Start of Dataset content

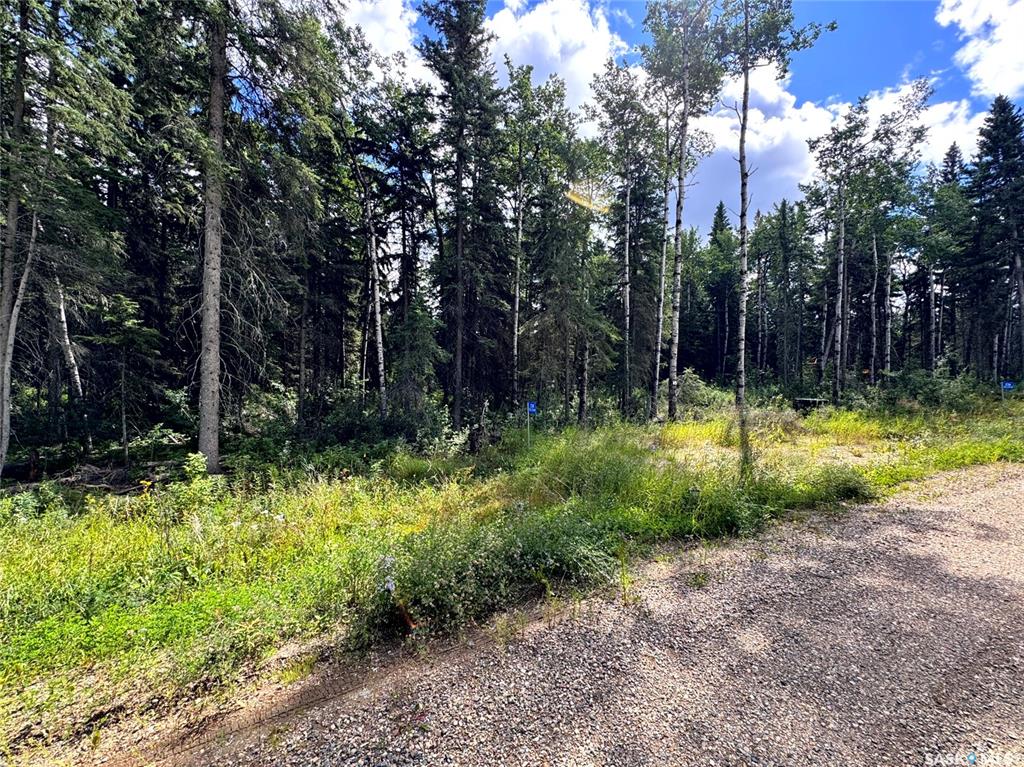 Fourth View of Lot 24 Turtle Cove, Turtle Lake, Saskatchewan, S7H 1Y5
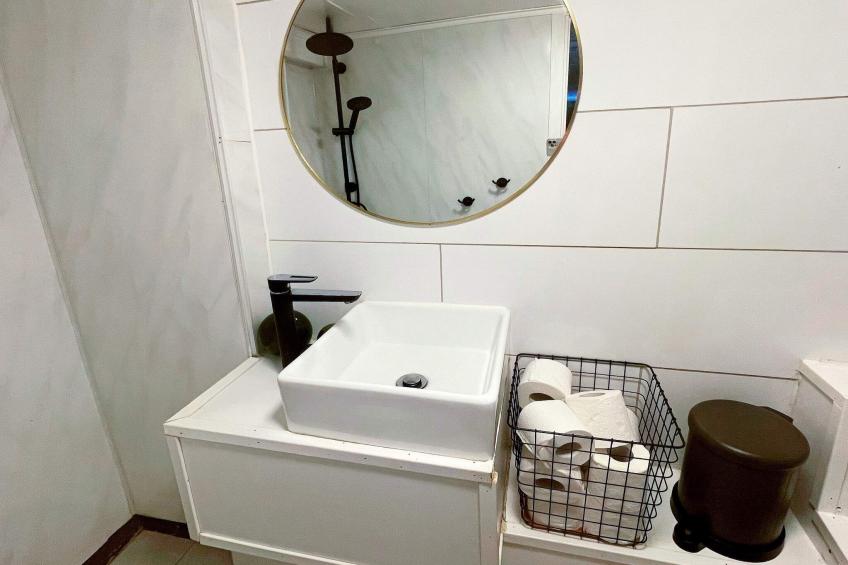 BF-P7CDW - foto 26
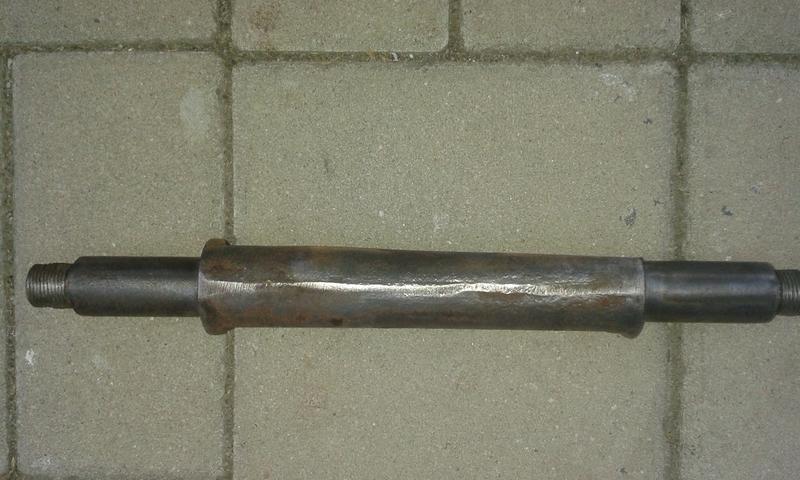 Obrázek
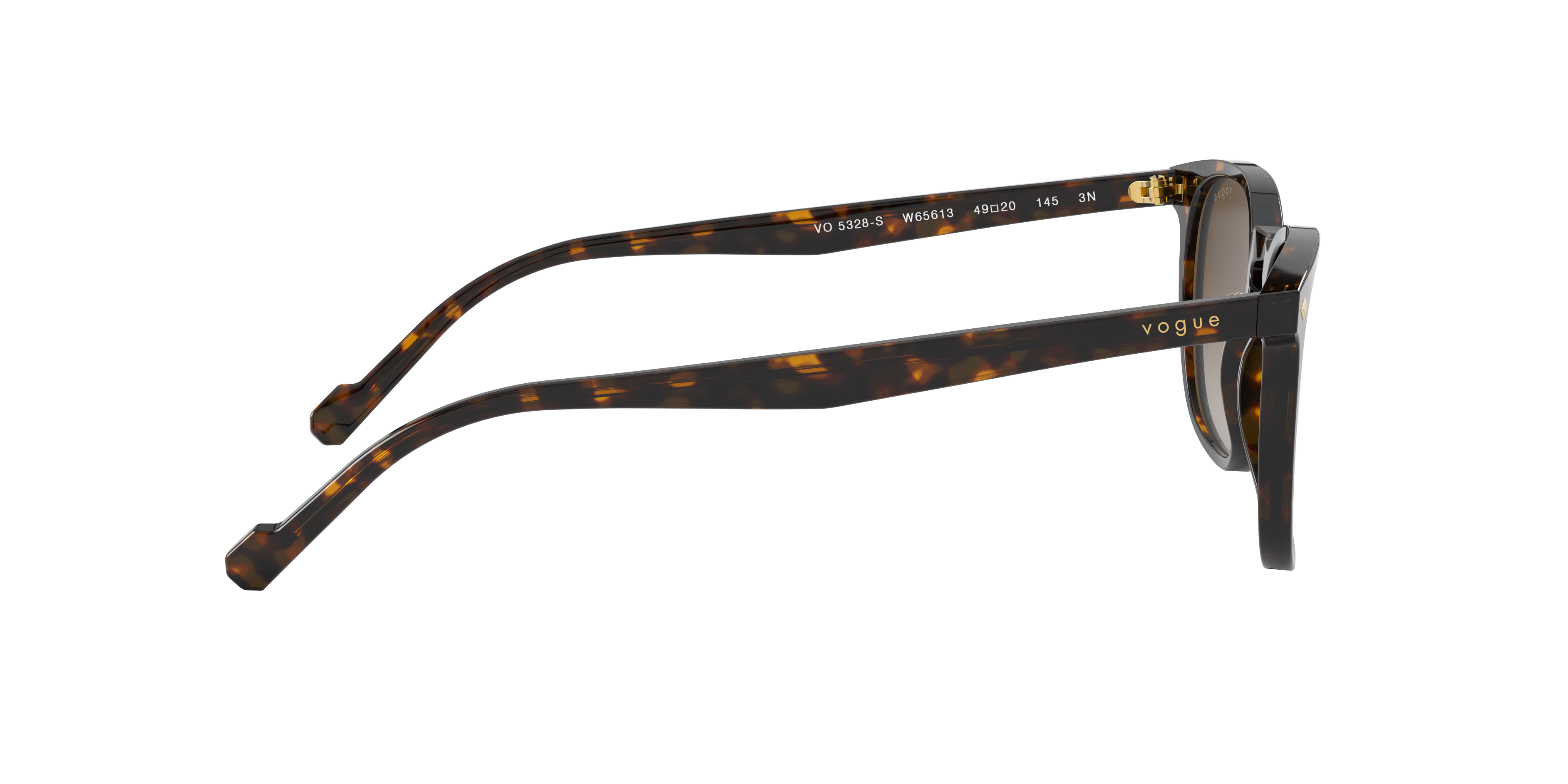 Vogue Eyewear VO5328S W65613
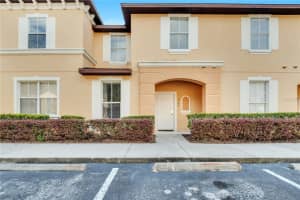 2774 CORVETTE LANE, KISSIMMEE, FL 34746 - MLS#MFRO6342517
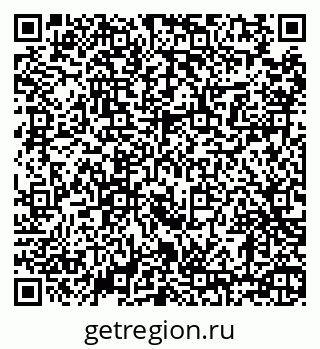 79630695336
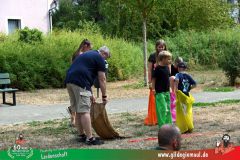2026_08_Sommerfest_Aktive-065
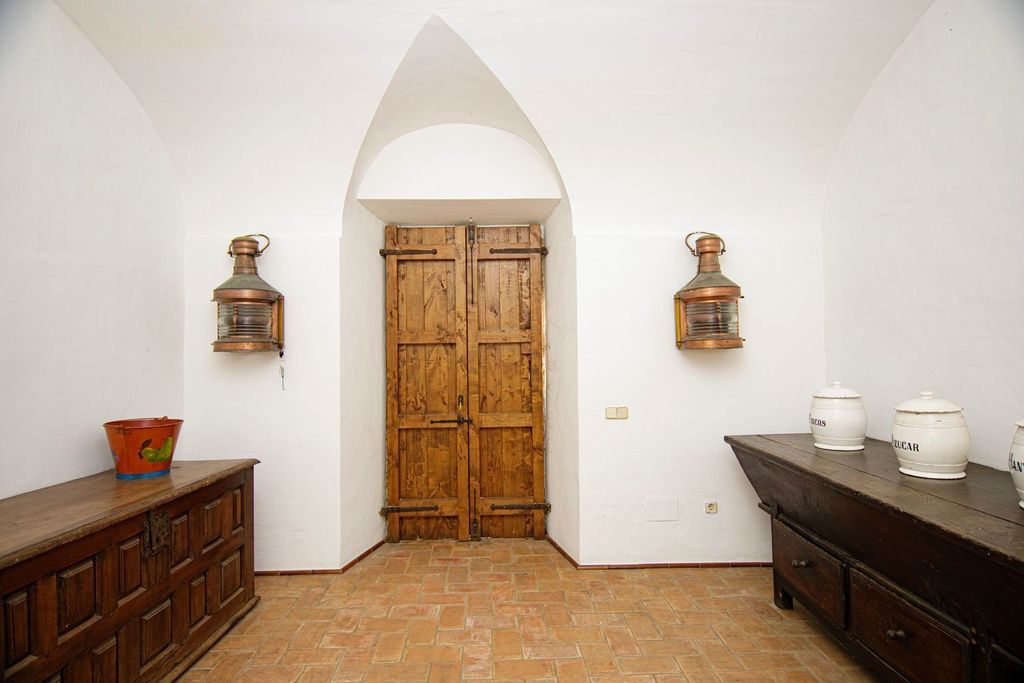 Maison de luxe à vendre à Cas Concos, 875 000 €, Photo 4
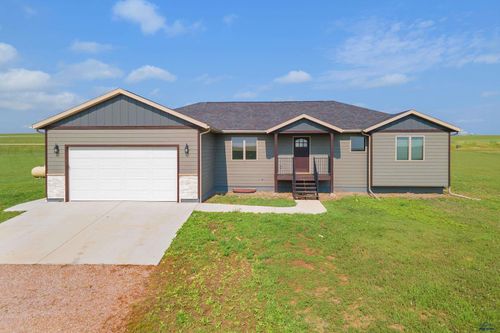22859 High Noon Ct, Box Elder, SD, 57719-4002 | Card Image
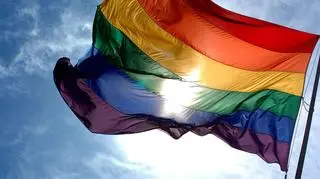 Niemcy będą płacić za karanie za homoseksualizm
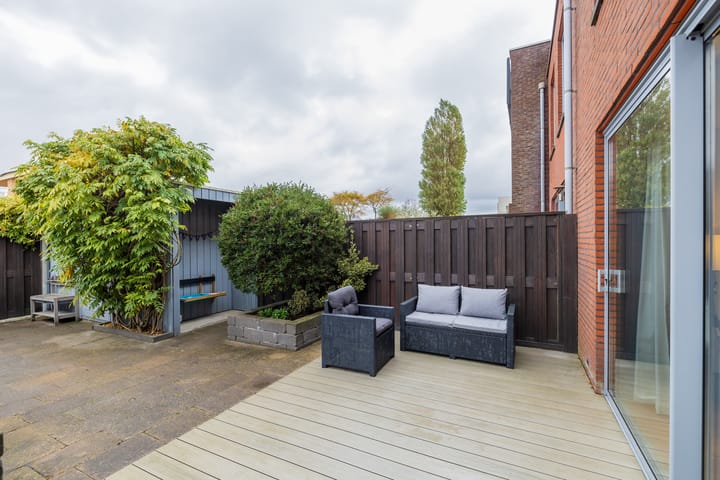 Photo 18 of Zilverstein 13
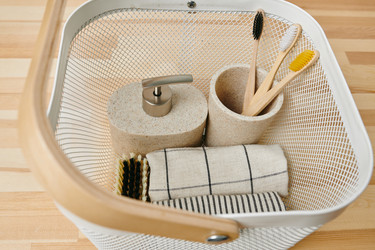 Similar image 20775524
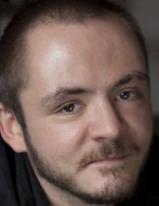 Damien Jouillerot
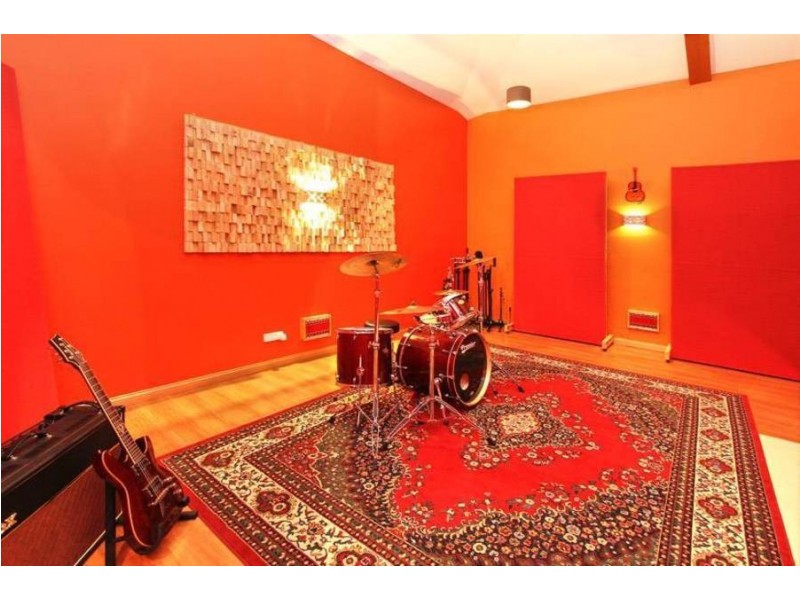 Broadmeadows VIC 3047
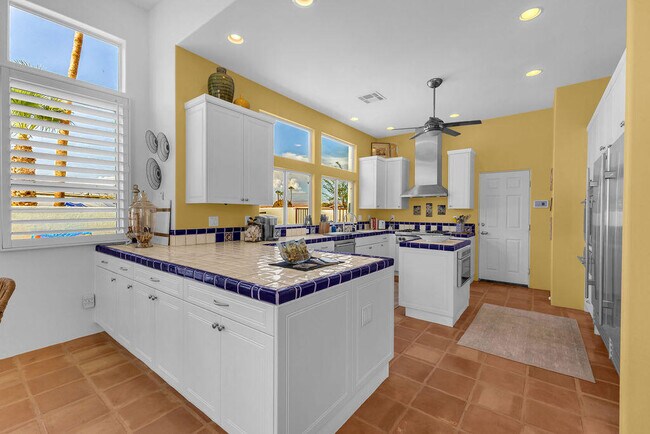 Building Photo - 77440 Calle Ensenada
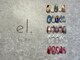 エル バイ アオ(el. by Ao)の写真
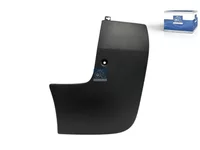 Bumper DT Spare Parts 8200201458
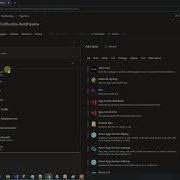 AzureDevOps CI CD Automated Deployment For Sql Server And App Service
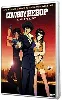 dvd cowboy bebop : le film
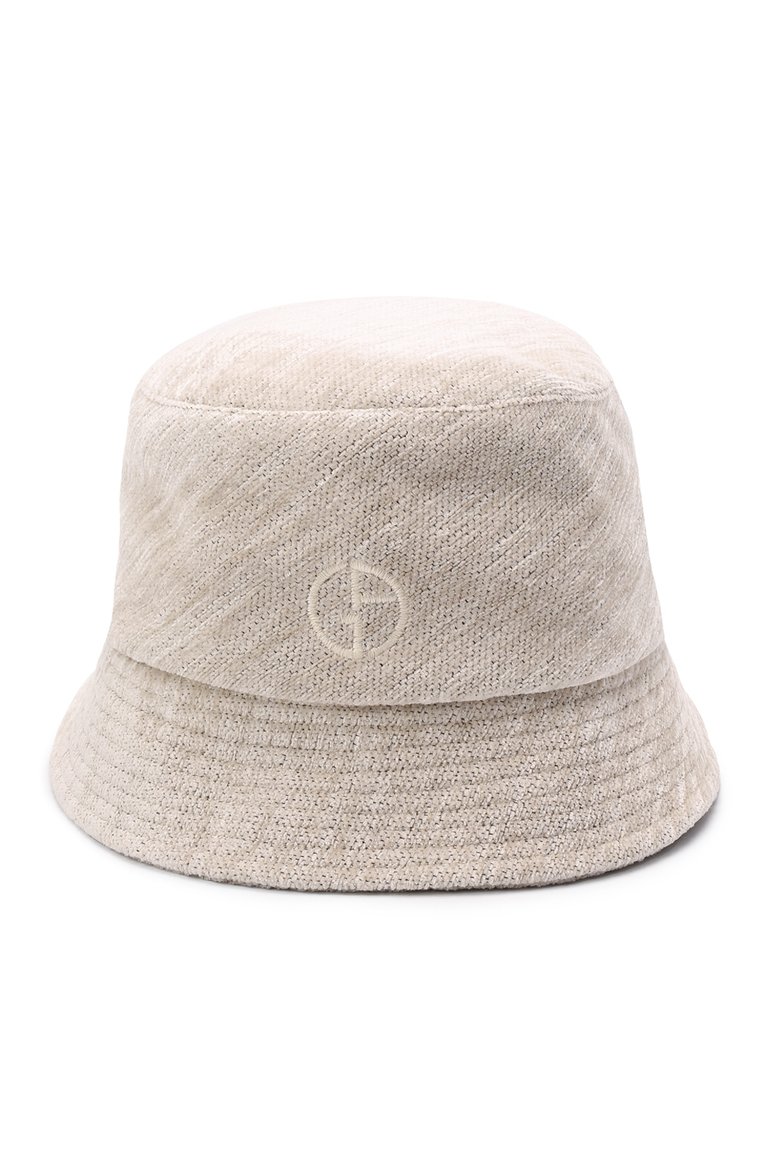 Панама GIORGIO ARMANI, арт. 797301/2R500, фото 1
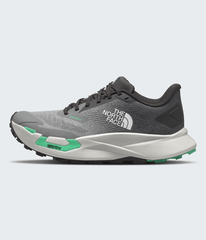 Women’s VECTIV™ Enduris 4 Shoes Spring Bud/Anthracite Grey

End of Dataset content

▶ **Problem**: Repeat the lines above exactly, beginning with the one containing "Niemcy będą płacić" and finishing with the one containing "Панама GIORGIO ARMANI, арт.". No pictures belong in the copy.

▶ **Your solution**:
 Niemcy będą płacić za karanie za homoseksualizm
 Photo 18 of Zilverstein 13
 Similar image 20775524
 Damien Jouillerot
 Broadmeadows VIC 3047
 Building Photo - 77440 Calle Ensenada
 エル バイ アオ(el. by Ao)の写真
 Bumper DT Spare Parts 8200201458
 AzureDevOps CI CD Automated Deployment For Sql Server And App Service
 dvd cowboy bebop : le film
 Панама GIORGIO ARMANI, арт. 797301/2R500, фото 1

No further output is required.